センタピラーアウタリインフォースメント74は、外壁24と前壁26と後壁28とを有すると共にセンタピラーアウタ22のフランジ22Aに接合された前後のフランジ74Aを有し、センタピラーアウタリインフォースメント20と同様の形状を成している。このセンタピラーアウタリインフォースメント74は、高張力鋼板の比較的厚板にて構成されることでセンタピラー72としての所要の強度を確保している。
そして、車両用ピラー構造70では、センタピラーアウタリインフォースメント74の外壁24、前壁26、後壁28にヒンジリインフォースメント62の補強壁32、前側ヘミング部42(前壁64)、後側ヘミング部44(後壁66)がスポット溶接にて接合されている。車両用ピラー構造70における他の構成は、車両用ピラー構造60(車両用ピラー構造10)の対応する構成と同じである。
したがって、第4の実施形態に係る車両用ピラー構造70によっても、基本的に第3の実施形態に係る車両用ピラー構造60(車両用ピラー構造10)と同様の作用によって同様の効果を得ることができる。
特に、側面衝突に伴って前壁26、後壁28が互いに離間する方向に倒れやすい断面形状(断面が開きやすい開断面構造)のセンタピラー72に適用された車両用ピラー構造70では、ヒンジリインフォースメント62の前壁64、後壁66の倒れ変形が抑制されることで、センタピラーアウタリインフォースメント74の断面が開く方向の変形が抑制される。すなわち、ヒンジリインフォースメント62を備えた車両用ピラー構造70は、開断面構造のセンタピラー72に好適に適用される。
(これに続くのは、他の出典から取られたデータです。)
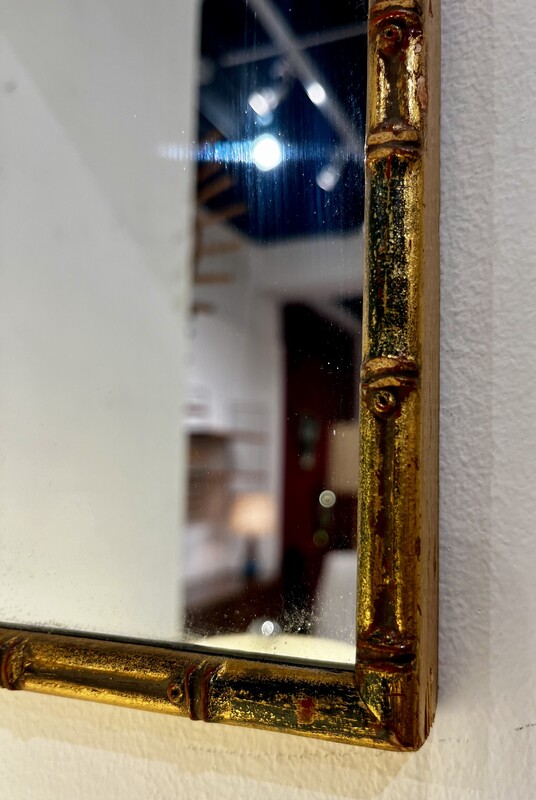 M 795 JD/RC faux bambou mirror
なお、上記した各実施形態では、本発明に係る車体骨格構造がセンタピラー12、72に適用された例を示したが、本発明はこれに限定されず、車体の各種骨格部に本発明を適用することができる。特に、本発明は、衝突等に伴い曲げを受ける骨格部に好適に適用され、該曲げに伴ってせん断荷重及び剥離荷重が作用するスポット溶接部を有する骨格部により好適に適用される。
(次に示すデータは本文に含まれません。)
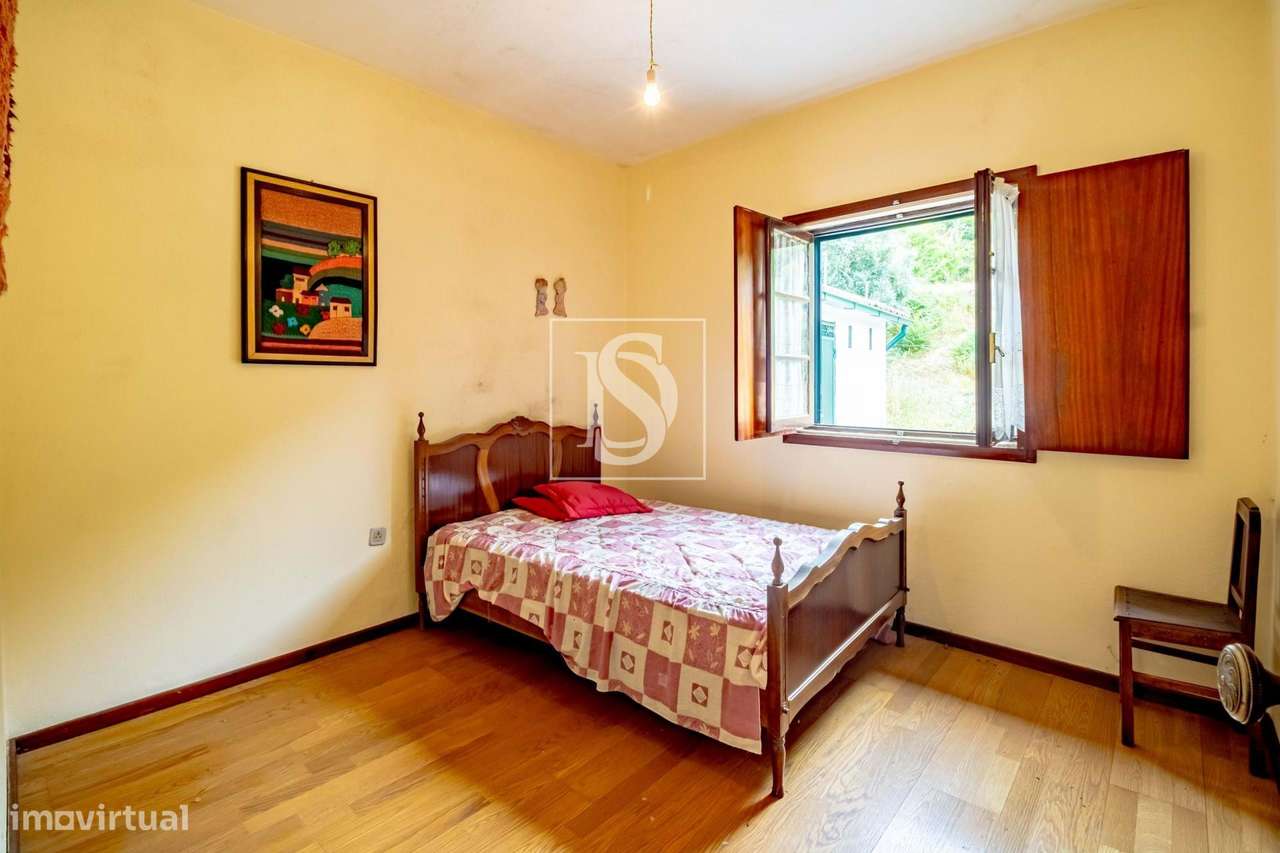 Moradia T3 em Vila Chã do Marão-16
また、上記した各実施形態では、ヒンジリインフォースメント30、62が高張力鋼板より成る例を示したが、本発明はこれに限定されず、例えば、ヒンジリインフォースメント30、62が自動車用の普通鋼板(一般鋼板)等より成る構成としても良い。
さらに、上記した各実施形態では、折り返し壁部38、40、54、56が1回折り返されて形成された2枚重ね合わせ部である前側ヘミング部42、後側ヘミング部44を有する例を示したが、本発明はこれに限定されず、例えば、2回折り返しによって3枚重ね合わせ部を形成し、該3枚重ね合わせ部において相手方にスポット溶接される構成としても良い。
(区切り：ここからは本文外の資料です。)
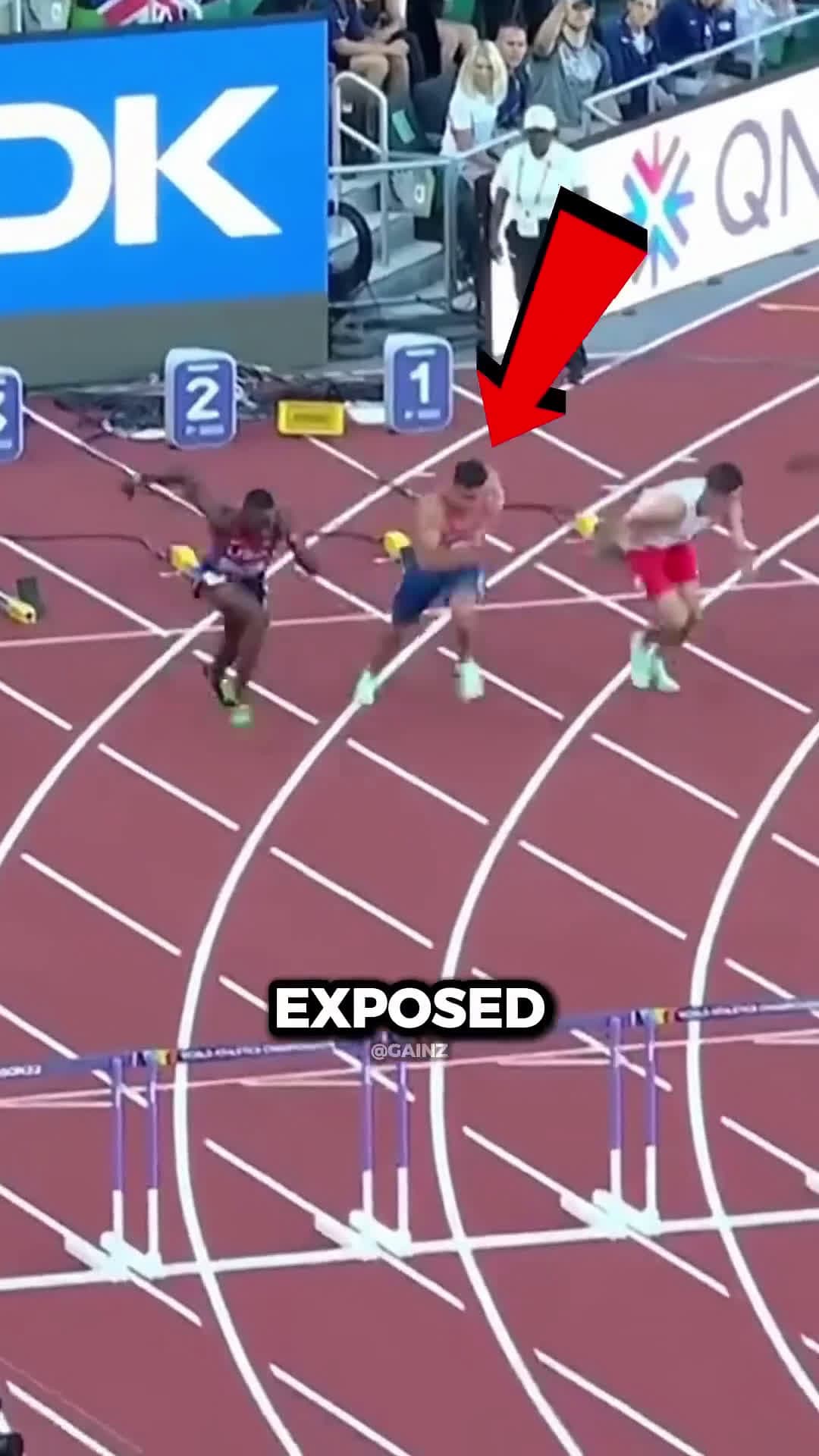 cover for A False Start Or Is He Just Too Good_🤔 #scoopzsupport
またさらに、上記した各実施形態では、互いに対向する前壁34、後壁36又は前壁64、後壁66に前側ヘミング部42、後側ヘミング部44が形成された例を示したが、本発明はこれに限定されず、例えば、断面ハット形状を成す補強部材のフランジ部を折り返し構造のヘミング部として構成しても良い。
10 車両用ピラー構造(車体骨格構造)
18 センタピラーインナパネル(車体骨格本体、ピラー部材)
20 センタピラーアウタリインフォースメント(車体骨格本体、ピラー部材)
24 外壁
26 前壁(対向壁)
28 後壁(対向壁)
30 ヒンジリインフォースメント(補強部材)
32 補強壁
34 前壁(接合壁)
36 後壁(接合壁)
38・40 折り返し壁部
42 前側ヘミング部(重ね合わせ部)
44 後側ヘミング部(重ね合わせ部)
50・60・70 車両用ピラー構造
52・54 折り返し壁部
55・62 ヒンジリインフォースメント(補強部材)
64 前壁(接合壁)
66 後壁(接合壁)
74 センタピラーアウタリインフォースメント(車体骨格本体、ピラー部材)

Claims (5)

  1. 所定方向に長手とされた車体骨格本体と、
    前記車体骨格本体の長手方向に対する直交方向の両端を折り返して形成された一対の重ね合わせ部を有し、各重ね合わせ部において前記車体骨格本体にスポット溶接にて接合された補強部材と、
    を備えた車体骨格構造。
  2. 前記車体骨格本体は、互いに対向する一対の対向壁と、該一対の対向壁の車両外側端部を連結する外壁と有し、
    前記補強部材は、前記外壁と対向する補強壁と、該補強壁の幅方向両端から前記一対の対向壁に沿って延在されると共に少なくとも一部が前記重ね合わせ部とされた一対の接合壁とを有する請求項1記載の車体骨格構造。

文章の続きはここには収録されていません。